A Python library providing utilities for text processing, file manipulation, and data extraction. Includes functionality for finding strings, splitting files, and processing specialized log files.
- String search and position finding
- File splitting by:
- Number of files
- Number of lines
- File size
- Log file processing:
- Timestamp extraction
- URN (Unique Reference Number) message filtering
- Output to various formats (CSV, DAT, etc.)
- Clone this repository:
git clone [repository-url]
- Required dependencies:
pip install numpy pandas
The Text
class provides methods for text manipulation and file operations.

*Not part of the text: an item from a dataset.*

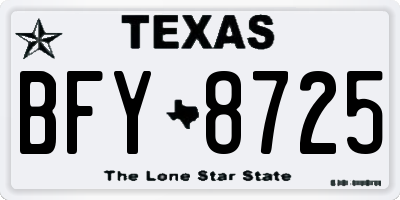 TX license plate BFY8725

from text_utils import Text
# Initialize with text content
text = Text(input_text)
# Find occurrences and positions of a string
count, positions = text.find_string("search_term")
# Divide into n files
text.divide_by_lines(
No_lines=1000, # Total number of lines
divfiles=10, # Number of output files
folder='output', # Output directory
ext='dat' # Output file extension
)
# Split by maximum lines per file
text.split_by_lines(
divlines=100, # Max lines per file
ext='txt', # Output extension
folder='output' # Output directory
)
# Split by file size
text.split_by_size(
size=1024, # Size in bytes
ext='txt', # File extension
folder='output', # Output directory
fname='split' # Base filename
)
The ExSpread
class handles specialized log file processing and data extraction.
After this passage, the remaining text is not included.